** Problem details **
Could you retype exactly the lines below between the one holding "Sevim 17619 Women's Thin Strap Shorts Set" and the one holding "riddle13 screenshot", inclusive, leaving out any pictures?

** Input material **
[Start of Attachment]

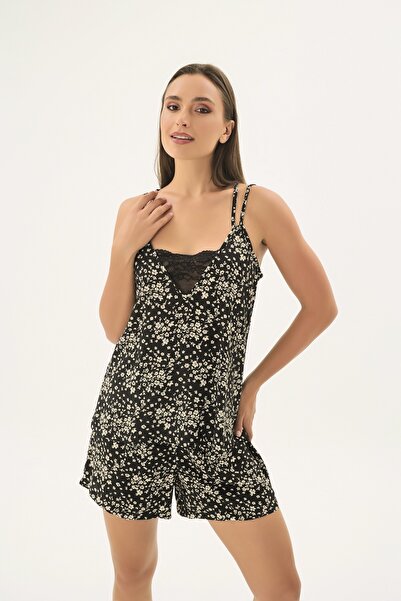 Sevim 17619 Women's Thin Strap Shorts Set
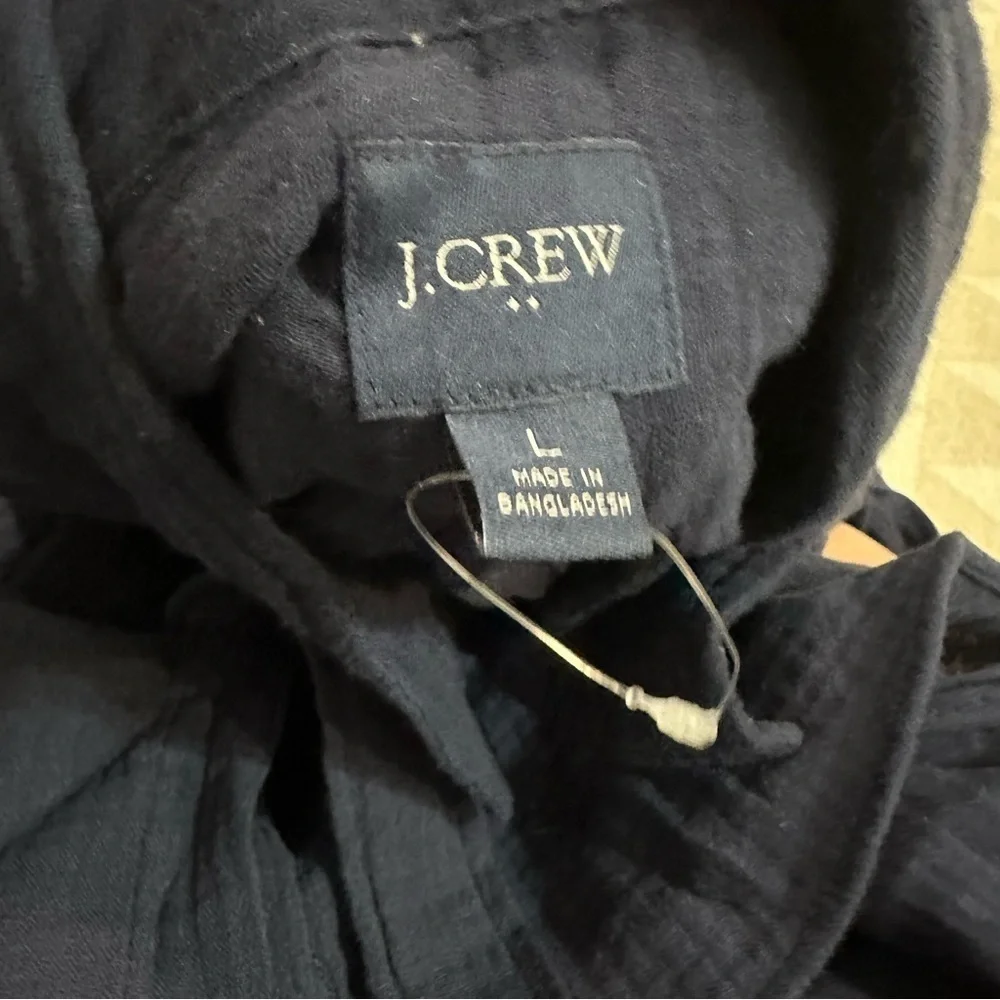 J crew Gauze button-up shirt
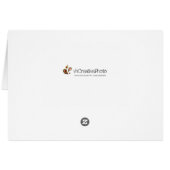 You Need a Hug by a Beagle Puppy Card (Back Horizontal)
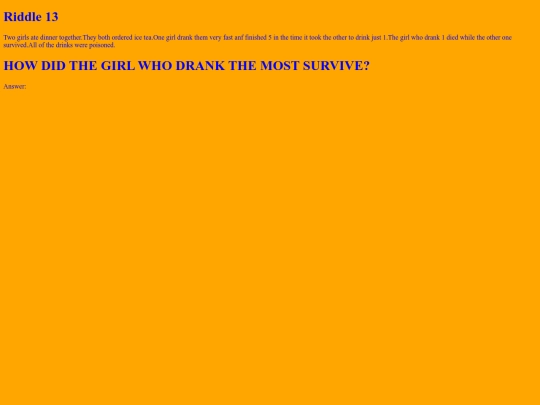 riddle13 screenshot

[End of Attachment]
[Start of Attachment]

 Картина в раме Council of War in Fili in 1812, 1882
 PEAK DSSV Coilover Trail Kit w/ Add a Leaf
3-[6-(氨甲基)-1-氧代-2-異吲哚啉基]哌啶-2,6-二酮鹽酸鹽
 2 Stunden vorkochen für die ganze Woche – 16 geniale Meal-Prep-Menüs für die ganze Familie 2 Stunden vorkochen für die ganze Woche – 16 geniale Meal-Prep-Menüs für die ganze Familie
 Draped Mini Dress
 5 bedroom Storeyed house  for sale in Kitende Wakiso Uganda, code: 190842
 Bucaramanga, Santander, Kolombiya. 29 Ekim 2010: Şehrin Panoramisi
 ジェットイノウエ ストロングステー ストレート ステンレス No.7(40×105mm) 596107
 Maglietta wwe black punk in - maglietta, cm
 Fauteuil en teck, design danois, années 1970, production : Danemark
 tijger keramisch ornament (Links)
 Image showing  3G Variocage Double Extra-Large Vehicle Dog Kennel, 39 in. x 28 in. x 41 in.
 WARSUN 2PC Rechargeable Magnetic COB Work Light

[End of Attachment]

** Response area **
 Sevim 17619 Women's Thin Strap Shorts Set
 J crew Gauze button-up shirt
 You Need a Hug by a Beagle Puppy Card (Back Horizontal)
 riddle13 screenshot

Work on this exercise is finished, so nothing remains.